# Unable to install drivers, access denied (Code 28)



## shivac (Jul 10, 2008)

Dunno what i have messed up. But im not able to install any drivers now in Vista x64.

Here is my rig:

http://www.evga.com/community/ModsRigs/comment.asp?sysid=5160

Note: Im at stock now, currently testing a little with different RAM. OCZ ones wen't nuts on me. :\

Anyway this error apperas on me while installing usb drives, and intergrated sound/COM/whatever on mainboard.

I tried gaving administrator and user access to everything in register. No luck.


----------



## jcgriff2 (Sep 30, 2007)

Hi. . .

Have you tried to right-click on the icon and select Run as Administrator?

Also look in the event viewer - the admin filtered area as it should yield some clues.

Regards. . .

jcgriff2

.


----------



## shivac (Jul 10, 2008)

I can't click any icon an run as administrator when windows is trying to install drivers on its own. Even these from windows update or from the filerepositary wont install themself.

Ok so I had a peek in the event viewer. Wow lots of errors ..

Printerspooler errors, there are a lot of those:

"The print spooler failed to verify printer driver package Microsoft XPS Document Writer for environment Windows x64. Win32 system error code 2 (0x2). This can occur after an operating system upgrade or because of data loss on the hard drive. The print spooler will try to regenerate the driver information from the driver store, which is where drivers are saved before they are installed. No user action is required."

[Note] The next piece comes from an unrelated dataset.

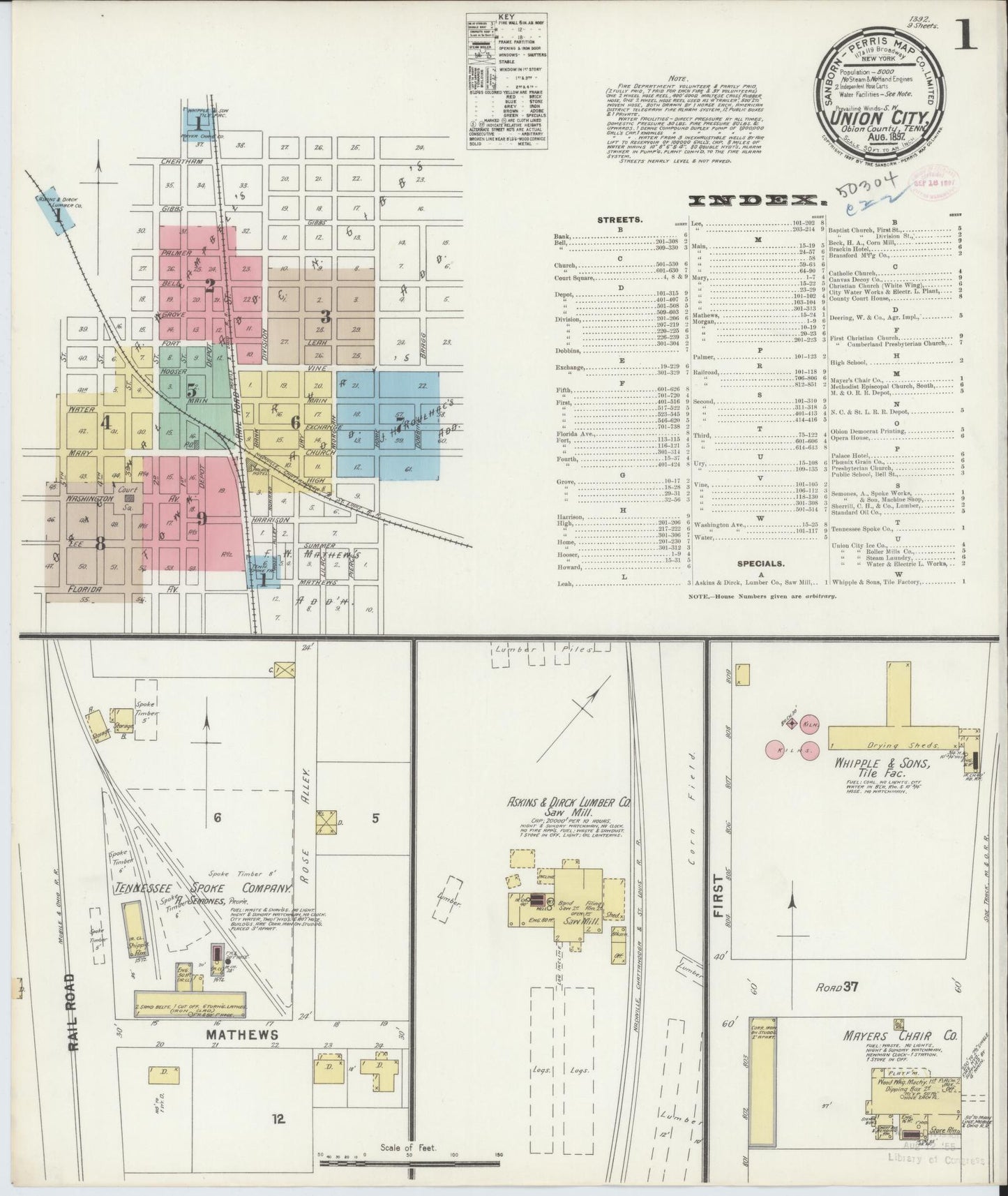 Sanborn Fire Insurance Map from Union City, Obion County, Tennessee (1897), Sheet #0001 - Complete Map Set gallery image, historic Sanborn map, vintage wall art, Tennessee Tennessee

All kinds of printerspooler errors, this is just one of them.

Heres another one repetable:

"Terminal Service start failed. The relevant status code was No such interface supported"


"The NextSensor Kernel I/O Driver service failed to start due to the following error: 
This driver has been blocked from loading"


----------



## shivac (Jul 10, 2008)

Another one further down the list:

"Windows Servicing identified that package KB950582(Security Update) is not applicable for this system"

Im gonna try uninstalling this one.


----------



## shivac (Jul 10, 2008)

"A provider, CommandLineEventConsumer, has been registered in the Windows Management Instrumentation namespace root\subscription to use the LocalSystem account. This account is privileged and the provider may cause a security violation if it does not correctly impersonate user requests."

There are a lot of error messages of this type as well.


----------



## jcgriff2 (Sep 30, 2007)

Hi. . .

Are all of your windows updates in? Any that failed? What about SP1? 

CheckHERE for Device Manager error codes - 28 = drivers are not installed. 

Regards. . .

jcgriff2

.


----------



## shivac (Jul 10, 2008)

SP1 and all Security updates are in


----------



## shivac (Jul 10, 2008)

Hm for some reason i can't even view my "Processor: Not available", same with RAM as well as rating in the "Control panel - System"/wbutton+break.

... Maybe i should just reinstall everything?

Everthing seems corrupted :\


----------



## jcgriff2 (Sep 30, 2007)

Hi. . .

Given the error messages , the driver issue and now your last post, I would encourage it.

Regards. . .

jcgriff2

.


----------